Five figures that prove EX should lead your 2023 strategy
From labor shortages to wellbeing, CX Network rounds up the trends that will impact the employee experience in 2023
Add bookmarkAs Richard Branson is often quoted as saying, “if you look after your employees, they will look after your customers”, and a 2021 survey on employee experience (EX) confirmed 85 percent of marketers and analysts agree with him.
But after the Great Resignation, it is safe to say EX has become somewhat of a pain point for experience managers and practitioners in all markets.
As team managers move to limit the impact on the customer’s experience, CX Network rounds up five figures that indicate where EX strategies should focus in 2023.
Call center attrition ranges from 34-50 percent
When NICE Systems crunched the numbers on call center attrition it found that companies with up to 1,000 agents see a typical attrition rates of 34 percent, but in companies with 5,000 agents or more, this rises to 50 percent. It puts the average at 42 percent, which for those who manage call center teams, is a big enough number to cause a near constant headache.
Furthermore, up to one third of agents were actively looking for a new role when the research was conducted in 2022.
What is even more surprising is that most employers are accepting this as the status quo. Only 30 percent of organizations said they were investing in retention and reversing these trends, while 38 percent said they were investing “very little to nothing at all”.
There is more on tackling attrition and staff shortages in this article from our sister portal, HR Exchange Network.
Source: NICE
Labor shortages affect 28 percent of companies
When the Q3 2022 earnings calls of public companies were compared with those from Q3 2021, it showed a 28 increase in those reporting labor shortages.
The impact on EX is profound – not only do remaining employees have lower morale, they often have higher stress levels as they look to cover gaps while delivering the same experience to customers.
The figure was calculated by GlobalData, which also identified the technology and financial services industries as some of the worst hit by the increase in labor shortages.

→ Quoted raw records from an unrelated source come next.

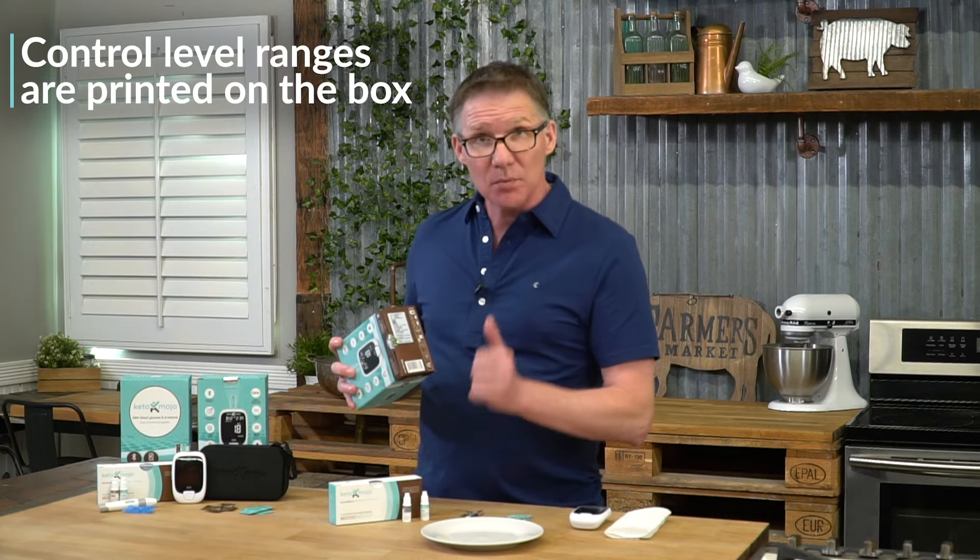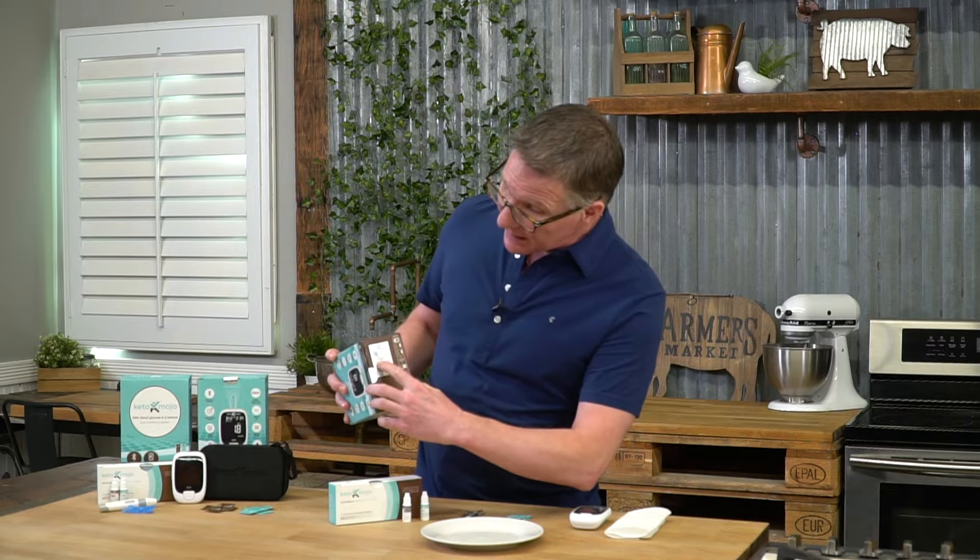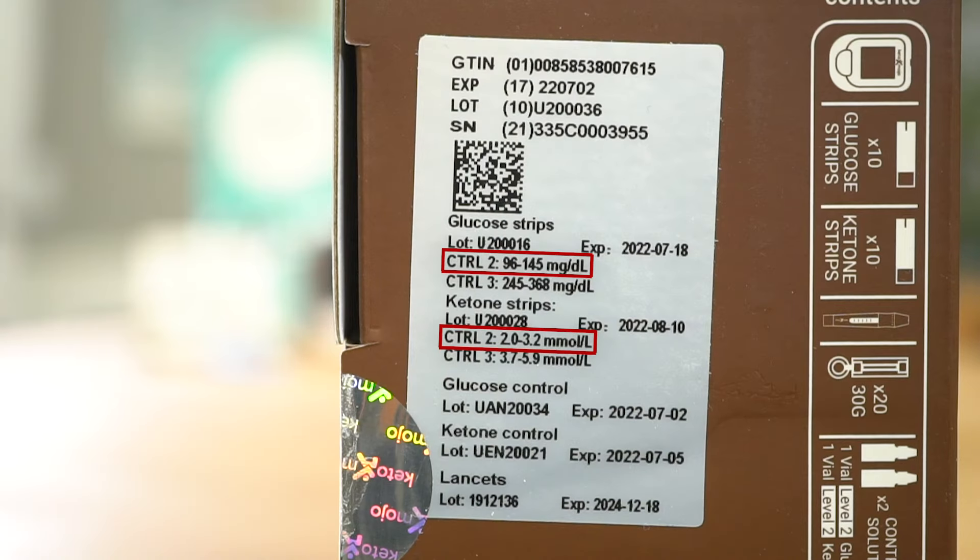Your kit comes with a level two control solution. You will look at the base here and you will see level two control. That is the range that your meter needs to perform in to make sure that you know it's working right.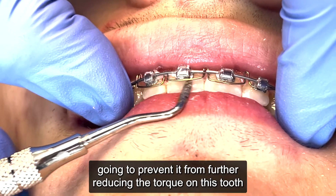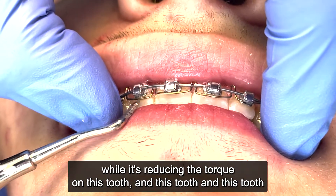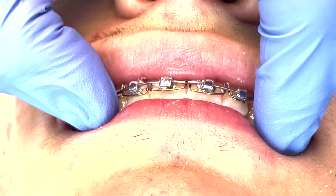This is going to prevent it from further reducing the torque on this tooth, while it reduces the torque on this tooth, this tooth, and this tooth. That's our quick recap for today.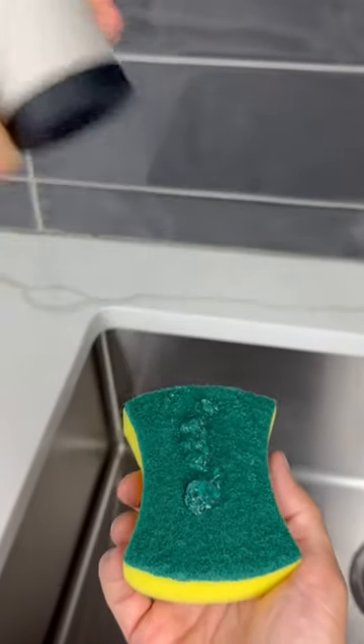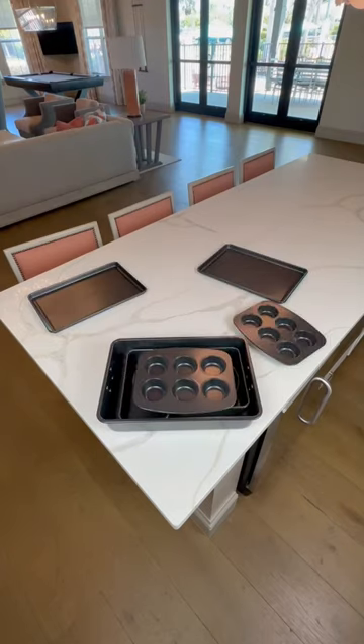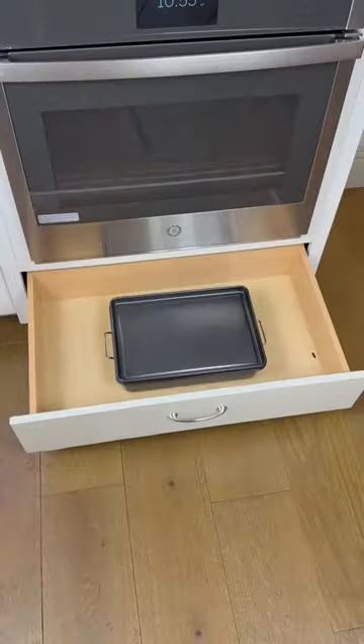This gadget dispenses soap with just one squeeze. And if your oven is a mess, this bakeware set comes with eight different pieces and is perfectly stackable to declutter your kitchen space.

Other research has found aviation, hospitality and social care to also be affected.
Financial services companies like GTJ REIT noted that the demand for flexible working hours and remote work increased unemployment insurance benefits. Furthermore, early retirement, higher pay from competitors and ongoing concerns about Covid-19 were also identified as contributing factors to labor issues.
Meanwhile, consumer goods company Conagra Brands talked about persistent labor shortages affecting its capacity to effectively run production and distribution facilities.
70 percent of organizations are investing in wellbeing
According to Gartner, 70 percent of organizations made additional investments in well-being between 2020 and 2022, confirming that tactics to retain workers will always win over glossy recruitment campaigns.
This figure places a requirement on all employers to deliver on wellbeing as part of their employee value program. It is also a means by which to attract and retain talent and compete with other employers.
Wellbeing is a sound financial investment, too. As this study found, for every US$1 an employer spends on employee wellness programs, overall healthcare costs decline between $1-3.
Engaged employees 23 times more likely to recommend a workplace
With companies across the board struggling to attract and retain workers, it is worth noting that engaged employees are 23 times more likely to recommend their current company as a great place to work. Yet analysis from Gallup's State of the Global Workplace: 2022 report found 65 percent of the US workforce is not engaged.
Engagement is a barometer for how successful the workplace culture is and, while culture is not the full employee experience, it does go a long way in influencing it. Great engagement and culture start with strong communication between employees and team leaders - if your unengaged, unhappy workers are not talking to their managers, they are making their feelings known on review sites like Glassdoor. Not only does this undermine the brand's reputation, but it can impact future recruitment efforts.
You can find out more on how to foster a positive culture in this
webinar from HR Exchange Network.
Disengaged employees cost $400bn-550bn
When it comes to money, the last two years have seen some eye-watering figures discussed by political and business leaders alike. Yet that does not stop this $400bn-550bn figure bringing new tears to some eyes.
According to Gallup, this is the cost of lost productivity due to disengaged employees, otherwise known as “quiet quitters”.
Gallup’s analysis said as many as 50 percent of all employees could be considered “not engaged” after just six months, while an additional 20 percent were considered to be “actively disengaged”.